From the line containing "Disney Boys Grey" down to the final line of the entries below, restate each line word for word and add nothing.

**Records shown:**
*** Begin section ***

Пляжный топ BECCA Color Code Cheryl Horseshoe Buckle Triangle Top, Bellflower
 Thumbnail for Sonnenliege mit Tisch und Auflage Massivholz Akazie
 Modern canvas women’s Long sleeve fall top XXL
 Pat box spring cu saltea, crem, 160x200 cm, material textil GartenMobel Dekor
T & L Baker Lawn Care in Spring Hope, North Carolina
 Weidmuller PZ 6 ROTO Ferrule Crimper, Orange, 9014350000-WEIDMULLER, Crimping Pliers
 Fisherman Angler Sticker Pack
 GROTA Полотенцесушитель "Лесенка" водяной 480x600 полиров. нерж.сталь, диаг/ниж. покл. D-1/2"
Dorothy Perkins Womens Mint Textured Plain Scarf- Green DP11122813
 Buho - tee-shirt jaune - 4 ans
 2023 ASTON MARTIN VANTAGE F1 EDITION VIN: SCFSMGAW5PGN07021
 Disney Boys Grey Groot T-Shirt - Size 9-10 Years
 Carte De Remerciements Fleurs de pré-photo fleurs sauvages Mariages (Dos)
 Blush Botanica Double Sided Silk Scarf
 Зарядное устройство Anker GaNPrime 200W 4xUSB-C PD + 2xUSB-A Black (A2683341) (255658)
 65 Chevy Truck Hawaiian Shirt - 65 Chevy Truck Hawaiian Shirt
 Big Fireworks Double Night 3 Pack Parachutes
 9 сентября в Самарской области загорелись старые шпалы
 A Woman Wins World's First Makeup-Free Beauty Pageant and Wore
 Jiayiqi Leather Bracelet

*** End section ***

**Exercise response:**
 Disney Boys Grey Groot T-Shirt - Size 9-10 Years
 Carte De Remerciements Fleurs de pré-photo fleurs sauvages Mariages (Dos)
 Blush Botanica Double Sided Silk Scarf
 Зарядное устройство Anker GaNPrime 200W 4xUSB-C PD + 2xUSB-A Black (A2683341) (255658)
 65 Chevy Truck Hawaiian Shirt - 65 Chevy Truck Hawaiian Shirt
 Big Fireworks Double Night 3 Pack Parachutes
 9 сентября в Самарской области загорелись старые шпалы
 A Woman Wins World's First Makeup-Free Beauty Pageant and Wore
 Jiayiqi Leather Bracelet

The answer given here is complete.